*Exercise objective:* The whole listing below must be printed again exactly, images excluded.

*Data to use:*
◆ ◆ ◆

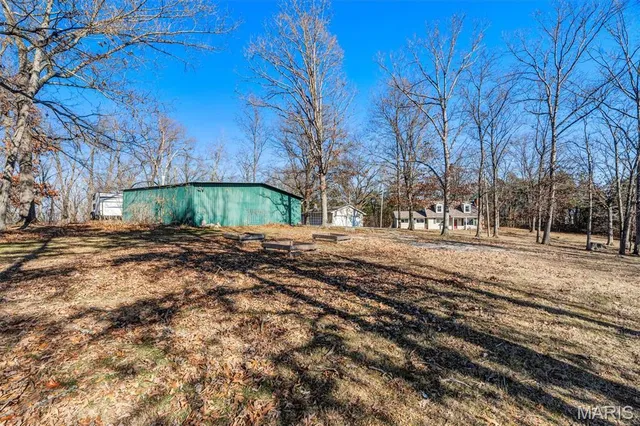 $375,000 | 2557 Nike Base Road, Catawissa, MO 63015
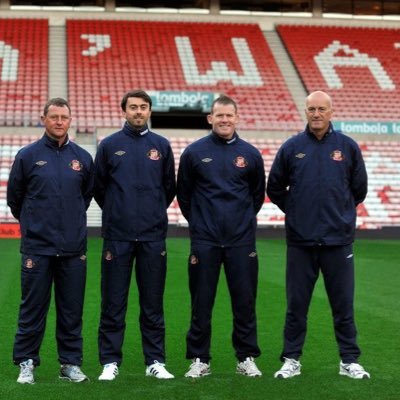 GK Coach @poolsyouthfc . Ex GK Coach @SAFCLadies ,@Borowomen, @teessidertc and @sunderlandrtc. UEFA GK B Licence. 21 years coaching female GK’s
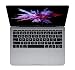 Produktbild 2017 Apple MacBook Pro Core i7 2.5GHz (13" - 16GB RAM - 128GB SSD) - Space Grey (Generalüberholt)
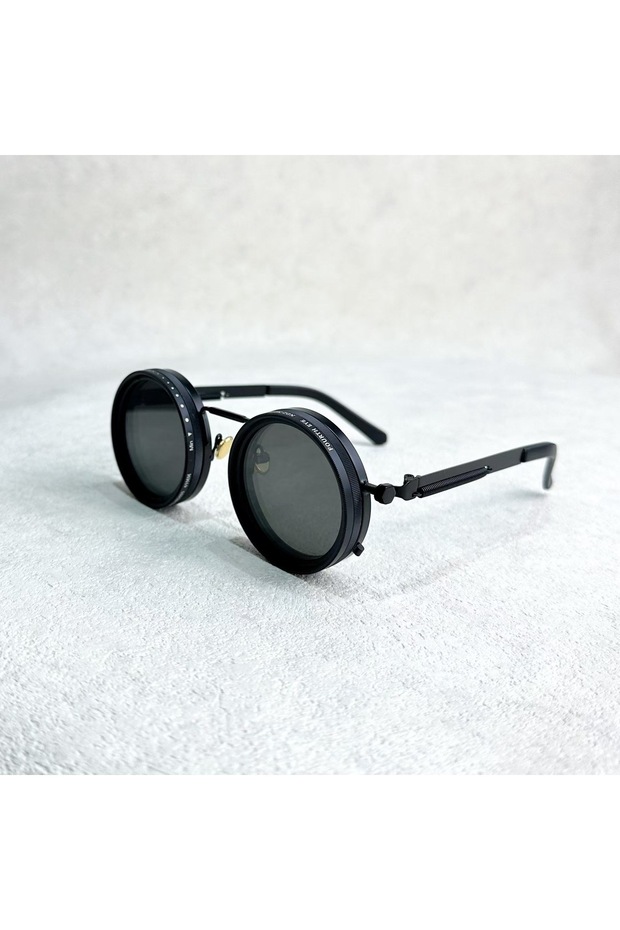 Adjustable Sun Glasses - 1
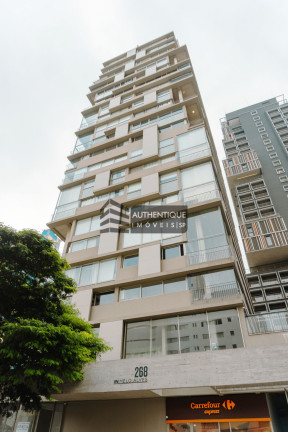 Imagem Apartamento com 1 Quarto à Venda, 31 m² em Jardim Paulista - São Paulo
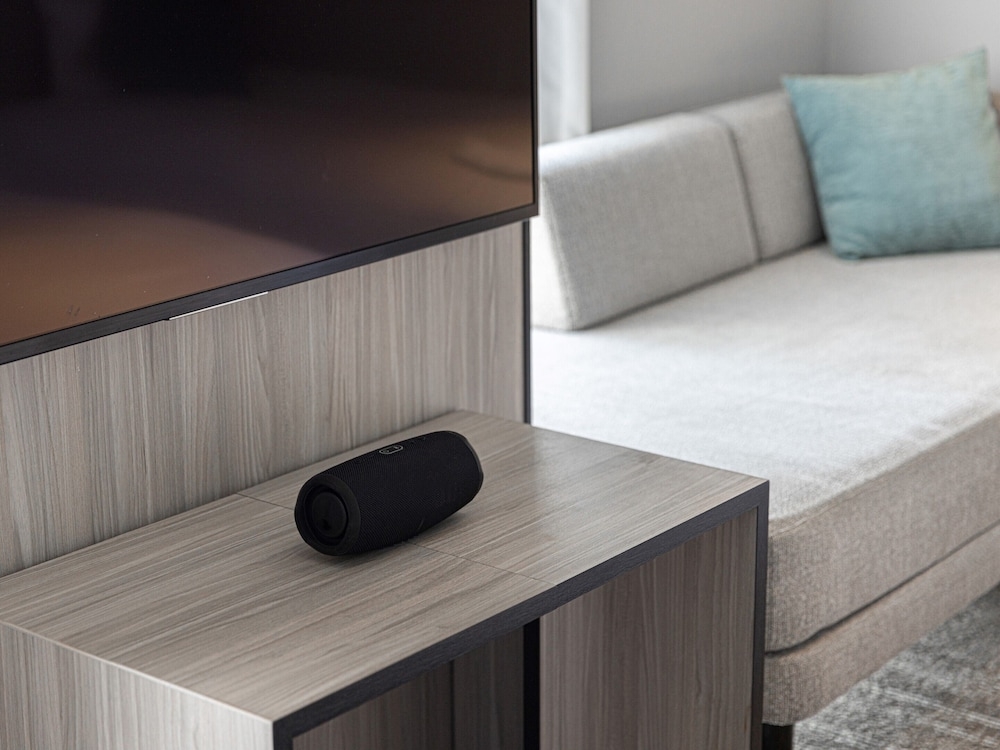 객실 내 편의 시설/서비스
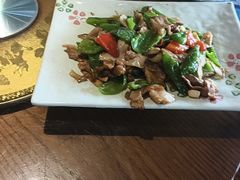 -盐帮食坊•小河帮川菜(四川师大店)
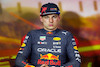 GP SPAGNA, Max Verstappen (NLD) Red Bull Racing, in the post qualifying FIA Press Conference.
21.05.2022. Formula 1 World Championship, Rd 6, Spanish Grand Prix, Barcelona, Spain, Qualifiche Day.
- www.xpbimages.com, EMail: requests@xpbimages.com © Copyright: XPB Images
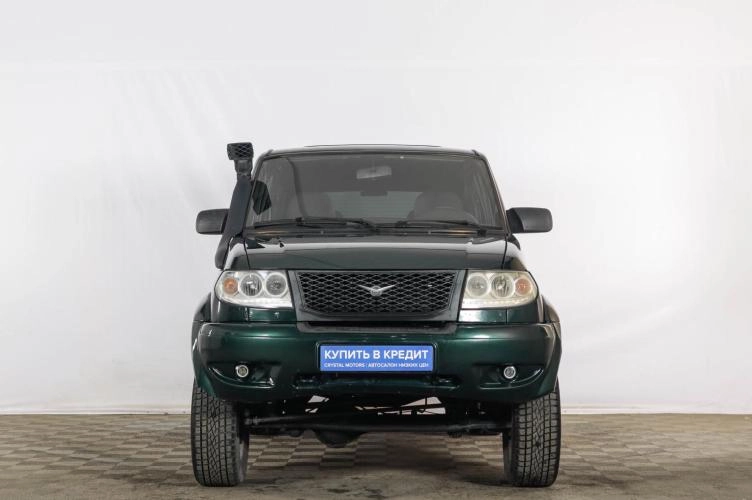 УАЗ Patriot 2 из 6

◆ ◆ ◆

*Task response:*
 $375,000 | 2557 Nike Base Road, Catawissa, MO 63015
 GK Coach @poolsyouthfc . Ex GK Coach @SAFCLadies ,@Borowomen, @teessidertc and @sunderlandrtc. UEFA GK B Licence. 21 years coaching female GK’s
 Produktbild 2017 Apple MacBook Pro Core i7 2.5GHz (13" - 16GB RAM - 128GB SSD) - Space Grey (Generalüberholt)
 Adjustable Sun Glasses - 1
 Imagem Apartamento com 1 Quarto à Venda, 31 m² em Jardim Paulista - São Paulo
 객실 내 편의 시설/서비스
 -盐帮食坊•小河帮川菜(四川师大店)
 GP SPAGNA, Max Verstappen (NLD) Red Bull Racing, in the post qualifying FIA Press Conference.
21.05.2022. Formula 1 World Championship, Rd 6, Spanish Grand Prix, Barcelona, Spain, Qualifiche Day.
- www.xpbimages.com, EMail: requests@xpbimages.com © Copyright: XPB Images
 УАЗ Patriot 2 из 6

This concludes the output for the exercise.